[The data Boundary: Start]

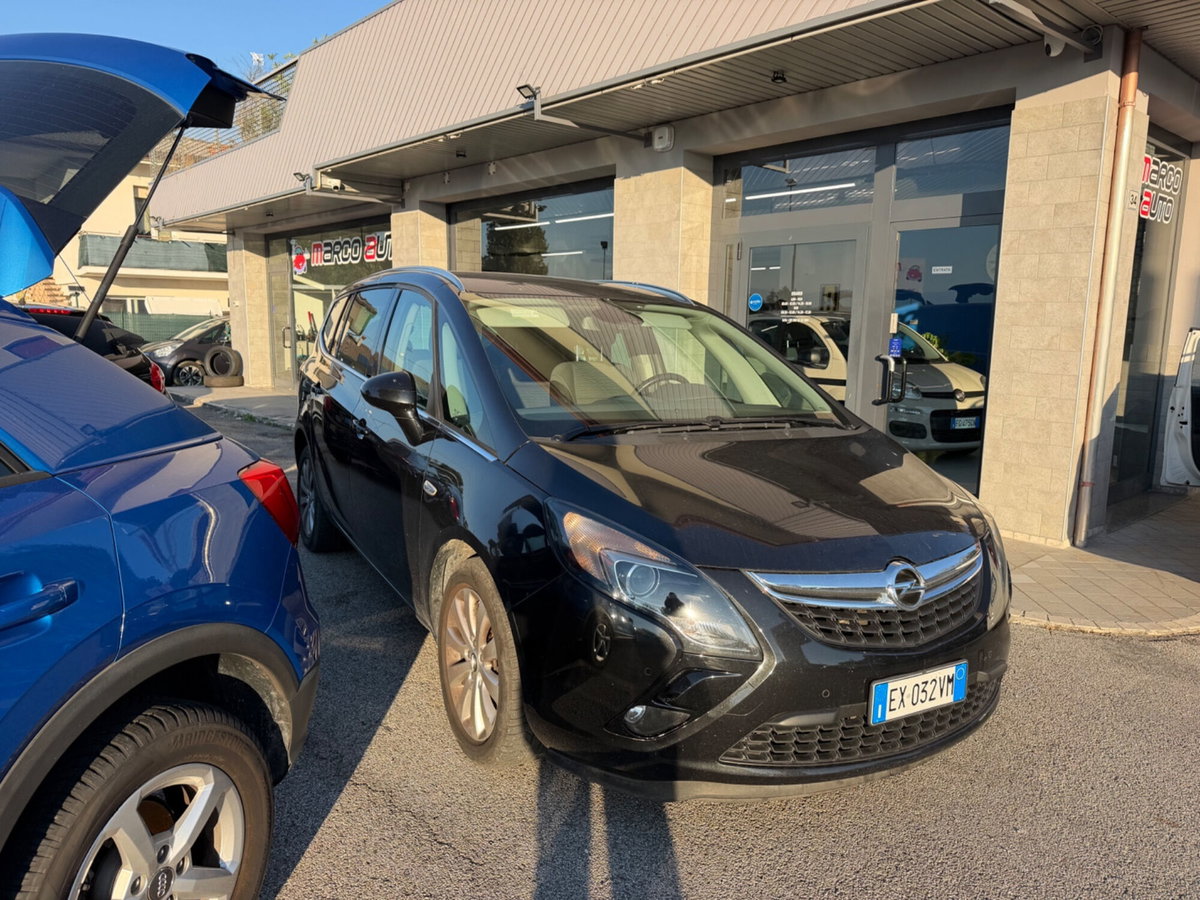 Opel Zafira Tourer 1.6 Turbo EcoM 150CV Cosmo (3)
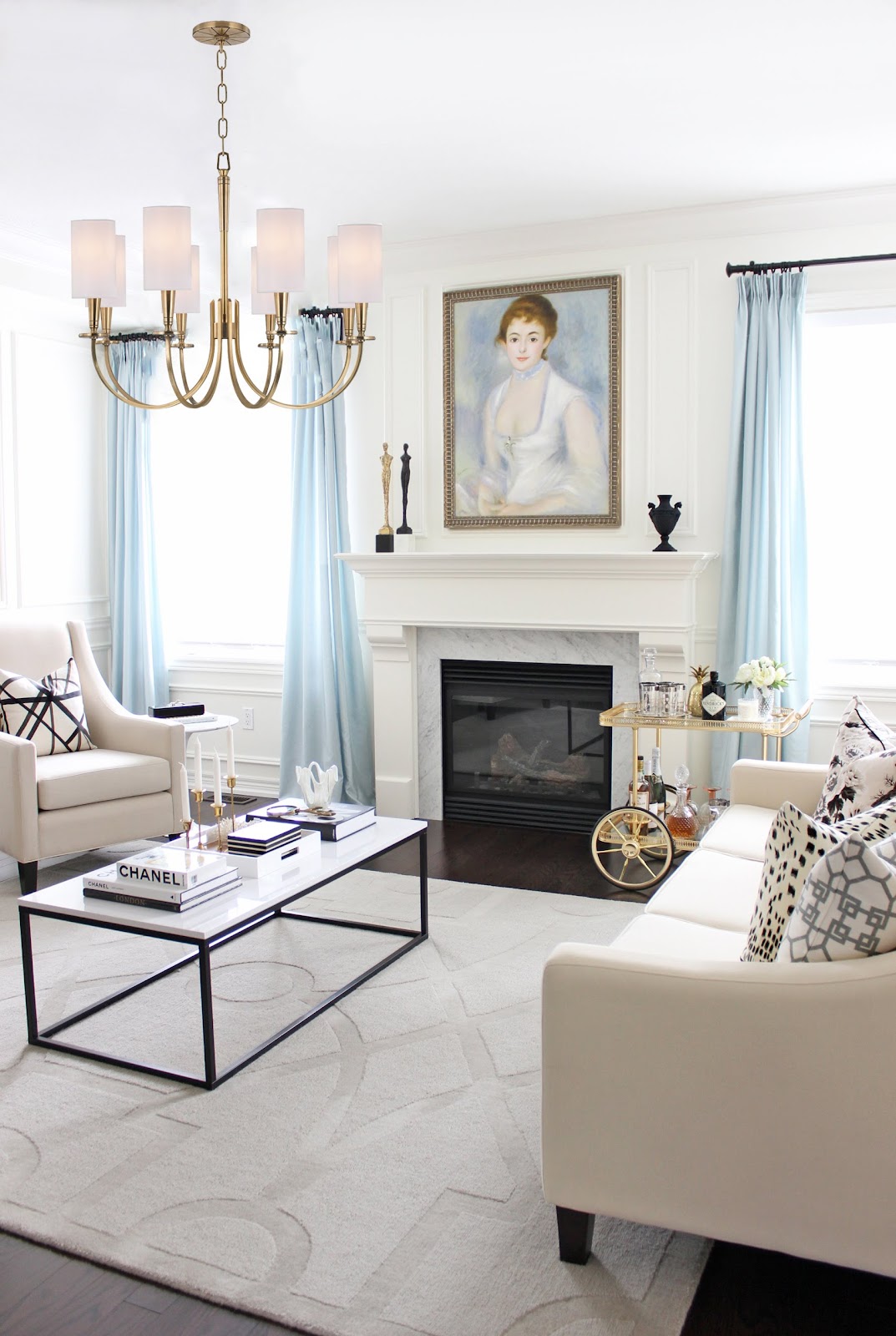 Am Dolce Vita A Roundup Of My Favourite Brass Chandeliers I Immediately Ruled Out 5 And 6 Because They Are Too Small For My Living Room The Vintage Glass Leaf One Isn T A Good Fit Either Size Wise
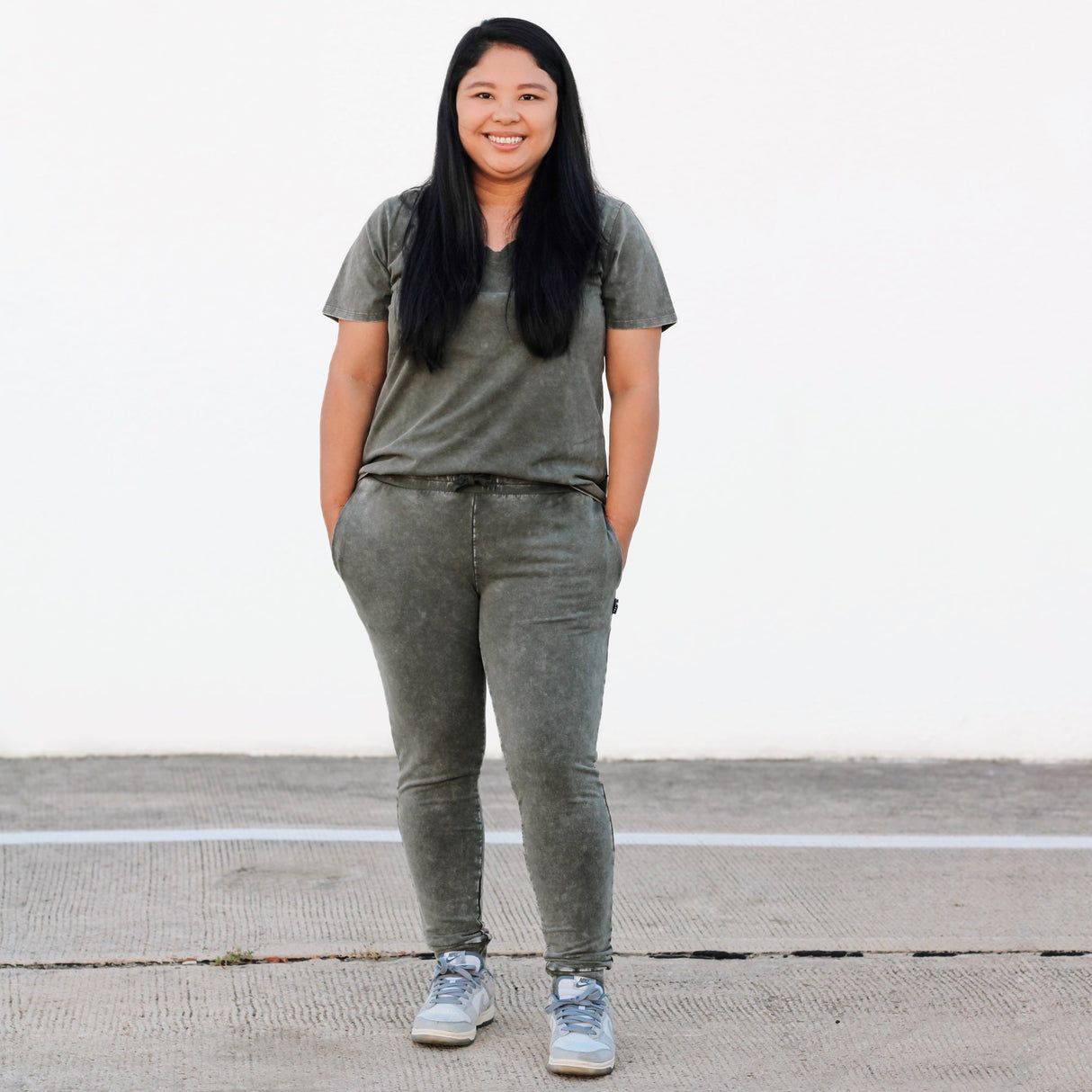 MAMA JOGGERS- Moss Snow Wash - HoneyBug 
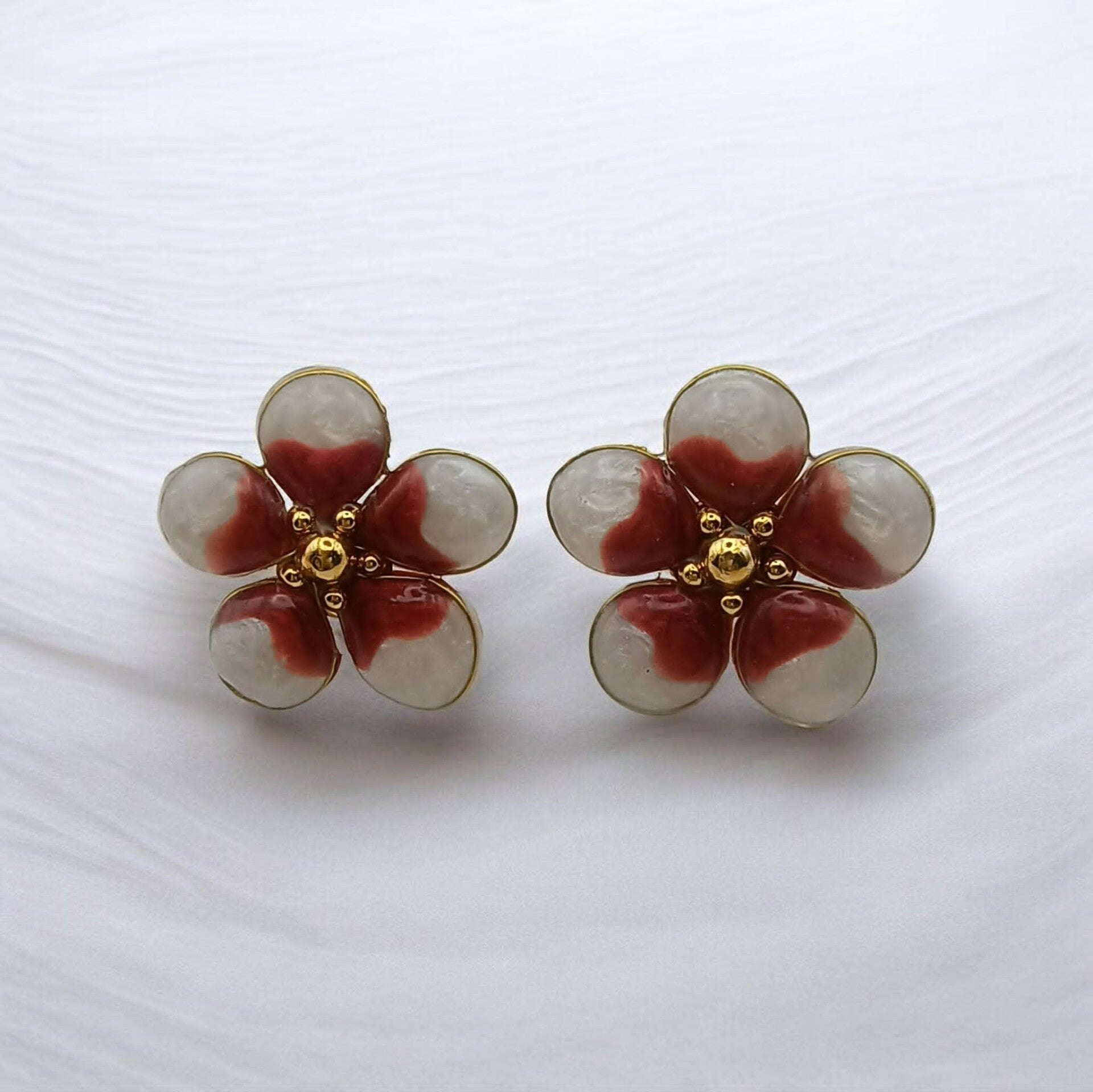 🌺Boucles d'oreilles Fleur en Résine - Velours de Pourpre.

[The data Boundary: End]

■ Your assignment: The data must be repeated exactly. Any pictures in it are to be left out.

■ Final answer:
 Opel Zafira Tourer 1.6 Turbo EcoM 150CV Cosmo (3)
 Am Dolce Vita A Roundup Of My Favourite Brass Chandeliers I Immediately Ruled Out 5 And 6 Because They Are Too Small For My Living Room The Vintage Glass Leaf One Isn T A Good Fit Either Size Wise
 MAMA JOGGERS- Moss Snow Wash - HoneyBug 
 🌺Boucles d'oreilles Fleur en Résine - Velours de Pourpre.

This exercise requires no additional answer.